## Try it
Your reply should hold exactly the lines from the one that contains "Wacoal Leopard Print" through the end of the data. Repeat them word for word.

## Listed entries
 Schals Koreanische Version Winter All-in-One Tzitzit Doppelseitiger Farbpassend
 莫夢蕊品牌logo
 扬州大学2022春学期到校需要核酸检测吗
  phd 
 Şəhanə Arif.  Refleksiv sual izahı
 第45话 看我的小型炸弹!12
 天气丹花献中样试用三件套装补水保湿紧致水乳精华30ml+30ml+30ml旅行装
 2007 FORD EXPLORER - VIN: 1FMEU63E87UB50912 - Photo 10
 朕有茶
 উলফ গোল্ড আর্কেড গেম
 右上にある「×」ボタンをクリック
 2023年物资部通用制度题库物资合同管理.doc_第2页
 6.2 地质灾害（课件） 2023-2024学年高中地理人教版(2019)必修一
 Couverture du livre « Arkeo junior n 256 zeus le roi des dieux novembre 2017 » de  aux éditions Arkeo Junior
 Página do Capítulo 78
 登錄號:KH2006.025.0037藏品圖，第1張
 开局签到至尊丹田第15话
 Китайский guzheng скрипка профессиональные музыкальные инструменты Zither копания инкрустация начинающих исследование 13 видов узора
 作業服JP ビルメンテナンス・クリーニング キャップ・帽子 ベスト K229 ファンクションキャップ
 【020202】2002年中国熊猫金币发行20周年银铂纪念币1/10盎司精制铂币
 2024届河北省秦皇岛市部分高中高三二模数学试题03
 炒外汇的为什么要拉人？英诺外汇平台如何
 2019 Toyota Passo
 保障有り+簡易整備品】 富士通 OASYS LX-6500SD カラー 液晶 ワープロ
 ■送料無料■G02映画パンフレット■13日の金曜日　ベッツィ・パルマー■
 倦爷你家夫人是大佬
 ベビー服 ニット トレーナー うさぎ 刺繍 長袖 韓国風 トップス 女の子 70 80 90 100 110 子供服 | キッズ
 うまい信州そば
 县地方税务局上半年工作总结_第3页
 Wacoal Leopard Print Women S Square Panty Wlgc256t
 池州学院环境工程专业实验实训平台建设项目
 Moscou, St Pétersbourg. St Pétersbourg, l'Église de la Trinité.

## Your response
 Wacoal Leopard Print Women S Square Panty Wlgc256t
 池州学院环境工程专业实验实训平台建设项目
 Moscou, St Pétersbourg. St Pétersbourg, l'Église de la Trinité.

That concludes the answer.